> _What you should do_: What is needed is an exact copy of the whole listing below, with no pictures.

> _Provided data_:
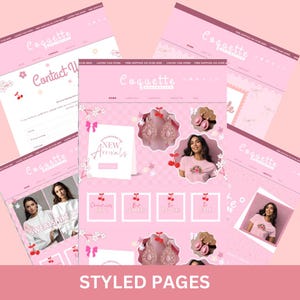 Shopify Theme Coquette Red Pink Bows Customizable Ecommerce Shopify Theme Editable Canva Banners Boutique Aesthetic Shopify Theme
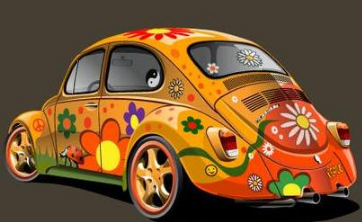 彩色的小汽車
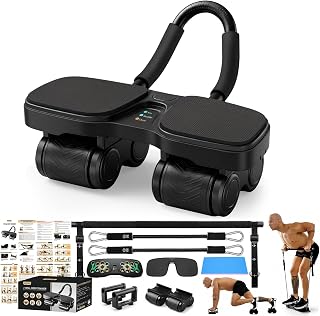 5 In 1 Ab Roller Wheel with Elbow Support, Push Up Board, Pilates Bar and 30 lb Resistance Band, 4-Wheel Automatic Rebound Home Workout Equipment for Core Training Full Body Workout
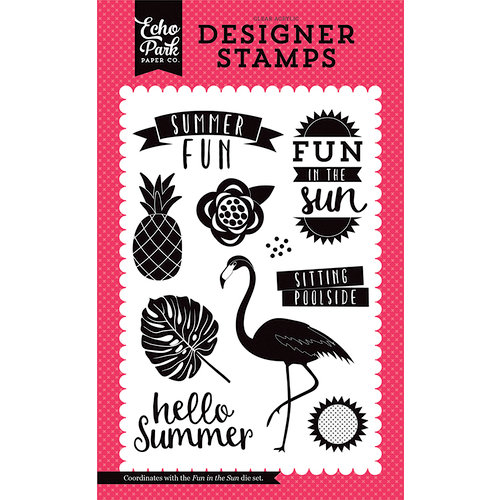 Echo Park - Summer Fun Collection - Clear Photopolymer Stamps - Fun in the Sun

> _Answer box_:
 Shopify Theme Coquette Red Pink Bows Customizable Ecommerce Shopify Theme Editable Canva Banners Boutique Aesthetic Shopify Theme
 彩色的小汽車
 5 In 1 Ab Roller Wheel with Elbow Support, Push Up Board, Pilates Bar and 30 lb Resistance Band, 4-Wheel Automatic Rebound Home Workout Equipment for Core Training Full Body Workout
 Echo Park - Summer Fun Collection - Clear Photopolymer Stamps - Fun in the Sun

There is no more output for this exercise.